= Task statement =
Repeat only the lines below that run from the line with "GORILLA BISCUITS /" to the line with "В UCLA создали", ends included; skip every picture.

═════ Extracted records

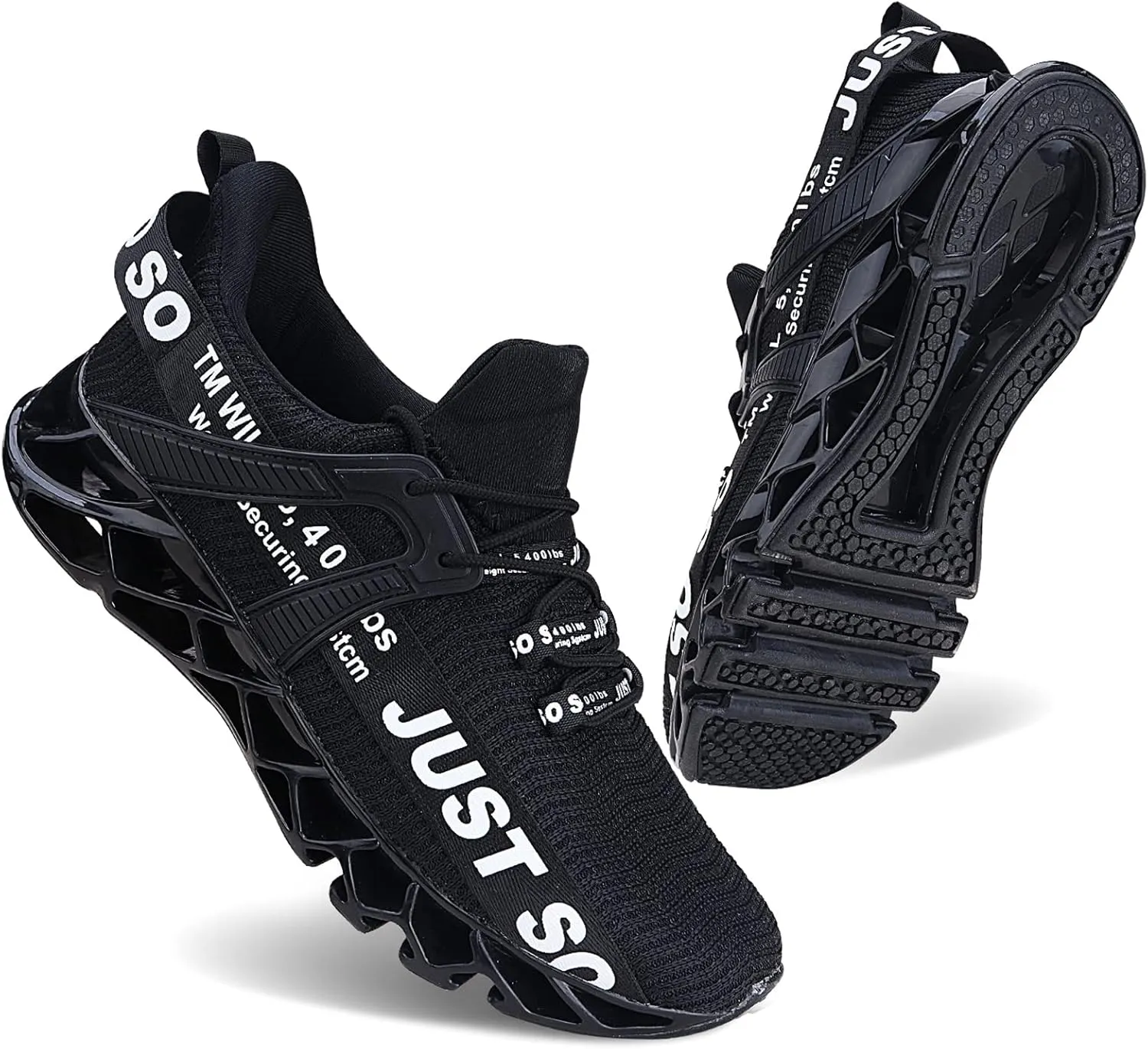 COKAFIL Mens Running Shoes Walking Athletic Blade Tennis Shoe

══════════
═════ Extracted records

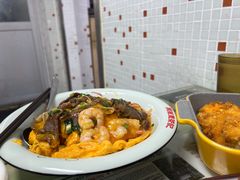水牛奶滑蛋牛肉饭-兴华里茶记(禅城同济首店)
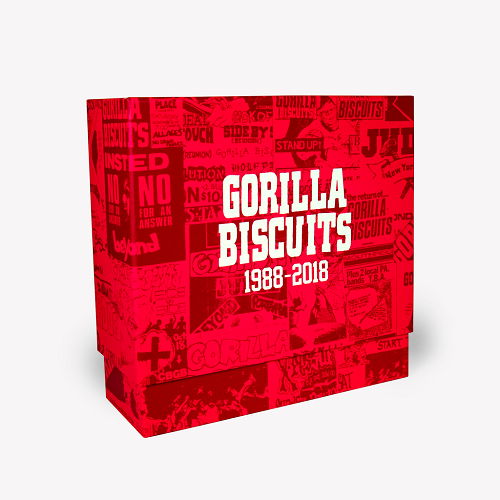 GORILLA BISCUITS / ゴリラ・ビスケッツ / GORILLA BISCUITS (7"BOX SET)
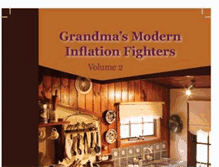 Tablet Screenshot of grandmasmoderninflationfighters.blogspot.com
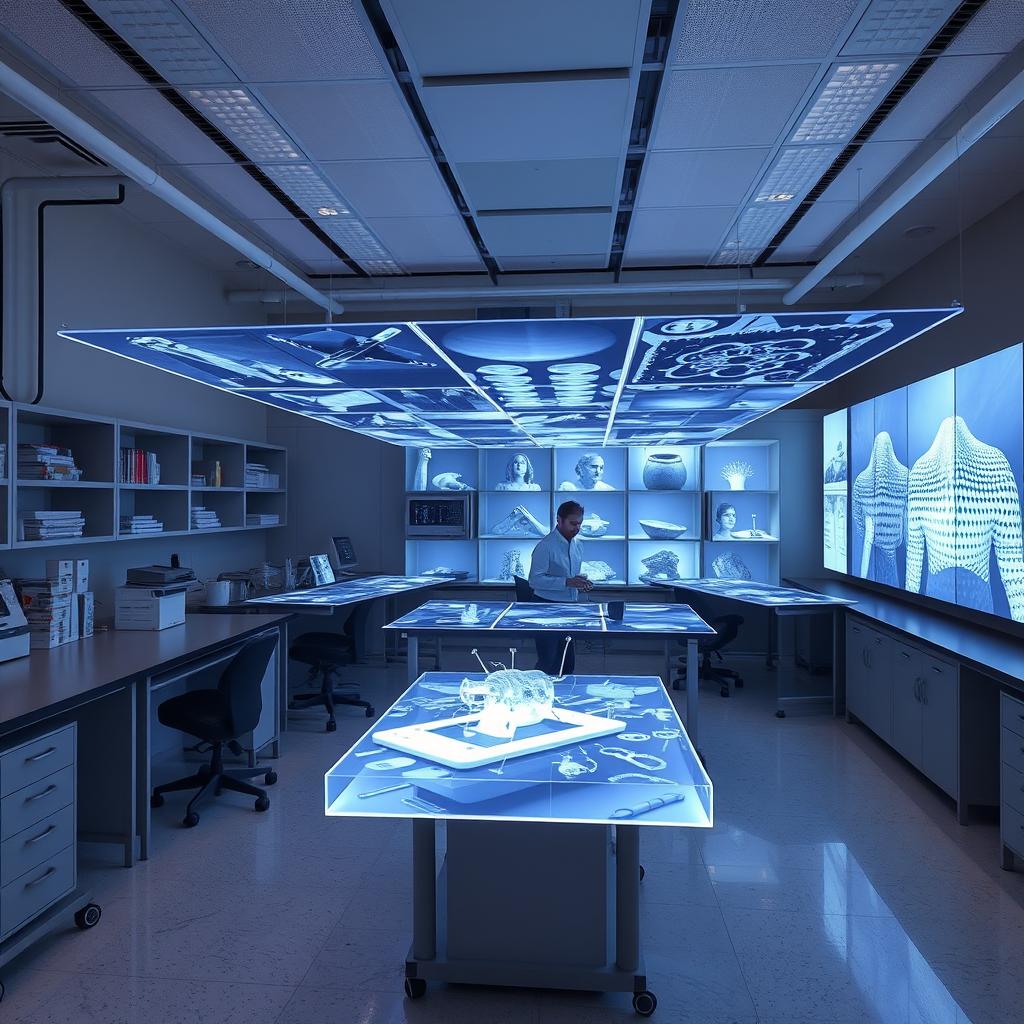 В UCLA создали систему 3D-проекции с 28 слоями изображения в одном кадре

══════════
═════ Extracted records

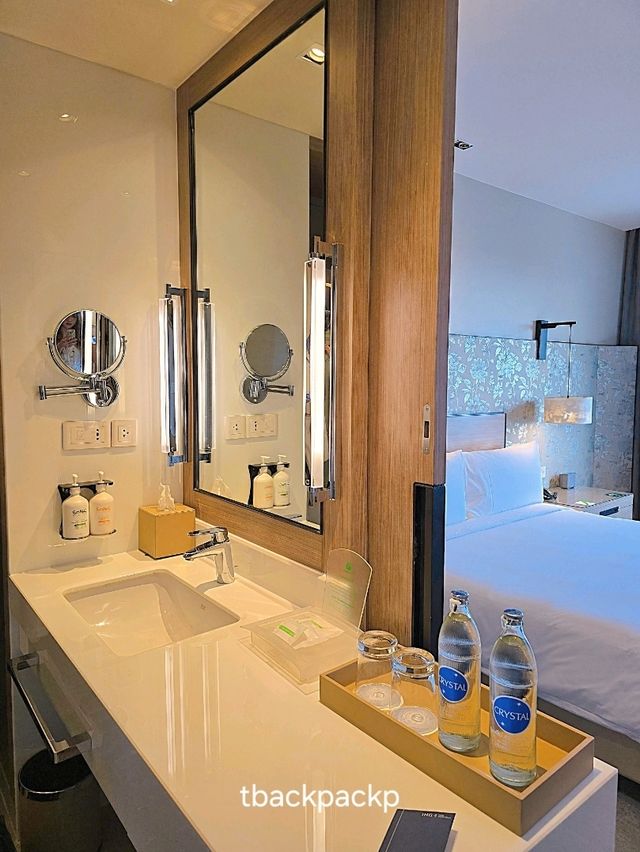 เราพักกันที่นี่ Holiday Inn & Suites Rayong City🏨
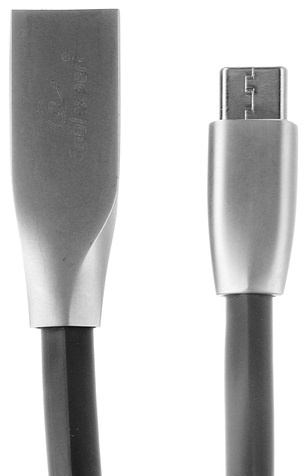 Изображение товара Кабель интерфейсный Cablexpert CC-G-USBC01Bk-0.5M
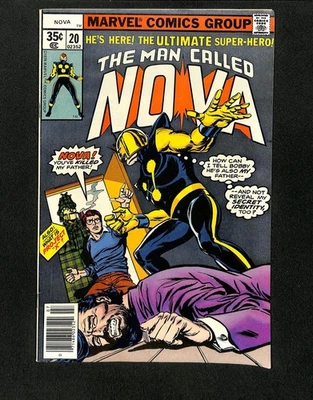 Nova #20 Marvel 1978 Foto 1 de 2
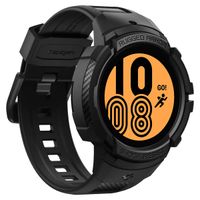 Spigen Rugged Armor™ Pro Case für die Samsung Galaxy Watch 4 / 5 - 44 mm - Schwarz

══════════

= Reply to the task =
 GORILLA BISCUITS / ゴリラ・ビスケッツ / GORILLA BISCUITS (7"BOX SET)
 Tablet Screenshot of grandmasmoderninflationfighters.blogspot.com
 В UCLA создали систему 3D-проекции с 28 слоями изображения в одном кадре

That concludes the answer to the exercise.